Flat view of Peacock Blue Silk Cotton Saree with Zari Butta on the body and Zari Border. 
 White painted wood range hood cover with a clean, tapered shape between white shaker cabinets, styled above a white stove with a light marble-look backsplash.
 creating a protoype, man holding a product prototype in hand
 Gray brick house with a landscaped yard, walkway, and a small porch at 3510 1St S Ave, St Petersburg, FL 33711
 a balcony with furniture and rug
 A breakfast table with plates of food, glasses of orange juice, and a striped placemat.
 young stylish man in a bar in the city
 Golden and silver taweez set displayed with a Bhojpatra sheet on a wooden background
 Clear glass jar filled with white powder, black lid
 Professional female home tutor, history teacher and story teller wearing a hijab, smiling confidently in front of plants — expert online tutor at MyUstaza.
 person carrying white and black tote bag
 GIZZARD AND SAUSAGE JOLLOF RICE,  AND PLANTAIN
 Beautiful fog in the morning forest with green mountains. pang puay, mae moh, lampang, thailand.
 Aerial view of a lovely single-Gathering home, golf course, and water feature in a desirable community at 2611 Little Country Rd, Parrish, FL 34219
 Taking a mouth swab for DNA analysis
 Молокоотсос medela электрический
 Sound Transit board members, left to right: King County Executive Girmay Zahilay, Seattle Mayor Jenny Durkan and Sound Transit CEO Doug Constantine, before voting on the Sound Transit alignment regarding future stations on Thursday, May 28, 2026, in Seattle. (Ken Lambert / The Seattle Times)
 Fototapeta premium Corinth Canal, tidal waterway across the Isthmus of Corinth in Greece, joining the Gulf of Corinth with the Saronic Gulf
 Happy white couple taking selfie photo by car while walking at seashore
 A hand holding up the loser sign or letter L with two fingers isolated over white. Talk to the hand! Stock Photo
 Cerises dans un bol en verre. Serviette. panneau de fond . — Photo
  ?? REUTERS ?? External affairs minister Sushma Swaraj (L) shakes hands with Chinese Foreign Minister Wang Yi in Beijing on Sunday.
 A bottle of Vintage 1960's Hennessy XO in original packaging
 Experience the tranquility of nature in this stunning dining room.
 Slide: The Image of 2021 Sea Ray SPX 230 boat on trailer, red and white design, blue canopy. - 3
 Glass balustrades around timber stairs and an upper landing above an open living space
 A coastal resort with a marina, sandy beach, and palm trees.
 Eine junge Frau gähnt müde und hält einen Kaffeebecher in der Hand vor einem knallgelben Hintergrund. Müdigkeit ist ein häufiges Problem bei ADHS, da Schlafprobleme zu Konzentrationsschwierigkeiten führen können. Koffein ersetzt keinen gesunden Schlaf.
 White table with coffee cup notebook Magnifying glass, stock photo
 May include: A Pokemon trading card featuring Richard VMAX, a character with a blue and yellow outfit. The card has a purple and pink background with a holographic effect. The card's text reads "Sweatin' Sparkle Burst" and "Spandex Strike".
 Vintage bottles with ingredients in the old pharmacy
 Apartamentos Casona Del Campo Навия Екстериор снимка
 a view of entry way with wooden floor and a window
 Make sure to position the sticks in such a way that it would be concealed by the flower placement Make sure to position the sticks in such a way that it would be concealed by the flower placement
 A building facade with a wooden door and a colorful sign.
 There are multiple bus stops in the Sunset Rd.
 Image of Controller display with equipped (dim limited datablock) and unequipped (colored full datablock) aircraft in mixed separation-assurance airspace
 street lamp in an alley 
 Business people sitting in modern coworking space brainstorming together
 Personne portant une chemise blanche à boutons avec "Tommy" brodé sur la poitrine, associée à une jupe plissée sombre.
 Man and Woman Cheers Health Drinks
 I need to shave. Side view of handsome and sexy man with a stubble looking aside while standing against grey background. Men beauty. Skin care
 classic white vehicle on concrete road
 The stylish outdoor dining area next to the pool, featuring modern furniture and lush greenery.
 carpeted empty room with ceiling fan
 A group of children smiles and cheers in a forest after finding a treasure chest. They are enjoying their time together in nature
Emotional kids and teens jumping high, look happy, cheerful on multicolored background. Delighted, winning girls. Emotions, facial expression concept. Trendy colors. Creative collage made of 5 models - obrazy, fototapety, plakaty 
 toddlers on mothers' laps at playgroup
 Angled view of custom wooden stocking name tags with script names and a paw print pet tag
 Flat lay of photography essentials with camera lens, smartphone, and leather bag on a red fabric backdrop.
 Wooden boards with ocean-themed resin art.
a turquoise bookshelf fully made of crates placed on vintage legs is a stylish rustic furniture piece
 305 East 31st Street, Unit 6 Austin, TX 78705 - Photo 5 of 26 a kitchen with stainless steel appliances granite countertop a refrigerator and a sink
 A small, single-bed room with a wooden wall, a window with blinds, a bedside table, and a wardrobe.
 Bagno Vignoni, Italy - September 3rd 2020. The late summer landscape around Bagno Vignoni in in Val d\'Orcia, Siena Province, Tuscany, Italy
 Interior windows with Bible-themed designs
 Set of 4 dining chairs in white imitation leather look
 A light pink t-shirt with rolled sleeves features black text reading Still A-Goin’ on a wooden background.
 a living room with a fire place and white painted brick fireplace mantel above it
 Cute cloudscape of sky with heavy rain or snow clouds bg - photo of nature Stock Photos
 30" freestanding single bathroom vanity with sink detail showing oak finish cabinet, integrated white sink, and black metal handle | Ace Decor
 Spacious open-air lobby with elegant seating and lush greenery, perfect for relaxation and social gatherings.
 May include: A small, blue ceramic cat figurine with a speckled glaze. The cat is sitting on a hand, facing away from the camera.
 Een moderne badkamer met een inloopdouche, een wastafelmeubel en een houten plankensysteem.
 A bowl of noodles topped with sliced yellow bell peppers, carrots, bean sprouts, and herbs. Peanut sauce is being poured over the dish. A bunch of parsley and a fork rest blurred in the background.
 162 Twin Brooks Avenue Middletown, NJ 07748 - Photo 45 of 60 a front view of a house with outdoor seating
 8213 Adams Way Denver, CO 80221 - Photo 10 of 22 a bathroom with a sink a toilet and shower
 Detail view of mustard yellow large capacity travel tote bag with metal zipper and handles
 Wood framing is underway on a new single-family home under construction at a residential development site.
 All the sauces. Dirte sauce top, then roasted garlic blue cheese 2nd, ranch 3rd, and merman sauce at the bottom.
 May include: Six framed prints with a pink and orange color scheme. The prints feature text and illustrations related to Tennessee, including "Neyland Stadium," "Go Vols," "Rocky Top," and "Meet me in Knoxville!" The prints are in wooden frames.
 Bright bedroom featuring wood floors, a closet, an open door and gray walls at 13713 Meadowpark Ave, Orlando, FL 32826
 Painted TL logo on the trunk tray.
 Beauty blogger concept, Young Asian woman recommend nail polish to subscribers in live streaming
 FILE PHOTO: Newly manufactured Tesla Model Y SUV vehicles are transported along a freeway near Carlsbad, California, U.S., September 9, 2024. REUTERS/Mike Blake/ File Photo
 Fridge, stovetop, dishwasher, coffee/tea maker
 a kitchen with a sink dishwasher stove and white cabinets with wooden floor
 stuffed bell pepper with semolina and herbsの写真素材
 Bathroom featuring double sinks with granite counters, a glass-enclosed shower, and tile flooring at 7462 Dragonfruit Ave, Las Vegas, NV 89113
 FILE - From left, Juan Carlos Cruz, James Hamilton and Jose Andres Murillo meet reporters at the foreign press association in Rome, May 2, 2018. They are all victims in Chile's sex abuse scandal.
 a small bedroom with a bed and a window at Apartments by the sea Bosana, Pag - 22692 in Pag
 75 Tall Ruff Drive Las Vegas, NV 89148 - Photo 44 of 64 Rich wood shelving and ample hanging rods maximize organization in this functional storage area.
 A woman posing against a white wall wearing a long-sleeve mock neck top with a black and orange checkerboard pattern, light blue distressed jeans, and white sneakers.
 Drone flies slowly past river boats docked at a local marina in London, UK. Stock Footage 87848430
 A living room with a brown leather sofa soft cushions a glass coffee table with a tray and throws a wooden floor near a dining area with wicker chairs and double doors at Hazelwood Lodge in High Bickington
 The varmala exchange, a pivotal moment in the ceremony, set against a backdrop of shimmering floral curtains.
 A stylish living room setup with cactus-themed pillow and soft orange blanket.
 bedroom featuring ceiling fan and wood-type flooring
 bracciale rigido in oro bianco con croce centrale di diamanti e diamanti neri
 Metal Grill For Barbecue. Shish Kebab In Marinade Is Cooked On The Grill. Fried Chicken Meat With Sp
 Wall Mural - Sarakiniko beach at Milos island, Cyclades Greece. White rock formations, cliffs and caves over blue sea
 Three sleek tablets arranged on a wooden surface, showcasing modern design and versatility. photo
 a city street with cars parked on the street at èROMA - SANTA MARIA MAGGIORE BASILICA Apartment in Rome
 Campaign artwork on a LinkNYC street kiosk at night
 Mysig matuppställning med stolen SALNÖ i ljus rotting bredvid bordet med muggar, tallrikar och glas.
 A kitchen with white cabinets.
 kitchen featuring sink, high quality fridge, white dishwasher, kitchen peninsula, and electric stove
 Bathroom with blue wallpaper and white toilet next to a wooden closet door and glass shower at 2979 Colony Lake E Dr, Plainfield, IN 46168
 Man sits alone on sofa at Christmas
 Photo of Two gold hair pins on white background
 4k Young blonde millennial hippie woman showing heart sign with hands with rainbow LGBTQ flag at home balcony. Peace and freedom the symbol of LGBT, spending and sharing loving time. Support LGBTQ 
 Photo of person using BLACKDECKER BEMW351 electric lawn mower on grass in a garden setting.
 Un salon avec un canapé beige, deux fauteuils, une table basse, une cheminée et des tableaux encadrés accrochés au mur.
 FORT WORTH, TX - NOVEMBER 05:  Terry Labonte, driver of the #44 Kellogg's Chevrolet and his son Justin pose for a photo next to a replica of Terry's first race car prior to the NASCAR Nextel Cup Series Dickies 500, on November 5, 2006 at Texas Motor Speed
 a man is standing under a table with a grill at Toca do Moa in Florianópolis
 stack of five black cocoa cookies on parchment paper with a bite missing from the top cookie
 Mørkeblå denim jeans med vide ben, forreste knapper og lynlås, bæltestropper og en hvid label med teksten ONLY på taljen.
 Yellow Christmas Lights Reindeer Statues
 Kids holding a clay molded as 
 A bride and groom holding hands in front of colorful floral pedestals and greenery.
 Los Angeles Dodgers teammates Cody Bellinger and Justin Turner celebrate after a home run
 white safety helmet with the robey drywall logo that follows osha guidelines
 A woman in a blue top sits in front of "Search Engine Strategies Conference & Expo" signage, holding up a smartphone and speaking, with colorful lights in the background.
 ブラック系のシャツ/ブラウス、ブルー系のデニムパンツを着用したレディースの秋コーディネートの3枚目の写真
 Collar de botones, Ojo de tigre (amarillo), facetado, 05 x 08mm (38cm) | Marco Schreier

- Exercise instructions
Set down each line exactly as it appears, starting at the top of the data and ending at the line containing "Clear glass jar", and include no other lines.

- Worked solution
Flat view of Peacock Blue Silk Cotton Saree with Zari Butta on the body and Zari Border. 
 White painted wood range hood cover with a clean, tapered shape between white shaker cabinets, styled above a white stove with a light marble-look backsplash.
 creating a protoype, man holding a product prototype in hand
 Gray brick house with a landscaped yard, walkway, and a small porch at 3510 1St S Ave, St Petersburg, FL 33711
 a balcony with furniture and rug
 A breakfast table with plates of food, glasses of orange juice, and a striped placemat.
 young stylish man in a bar in the city
 Golden and silver taweez set displayed with a Bhojpatra sheet on a wooden background
 Clear glass jar filled with white powder, black lid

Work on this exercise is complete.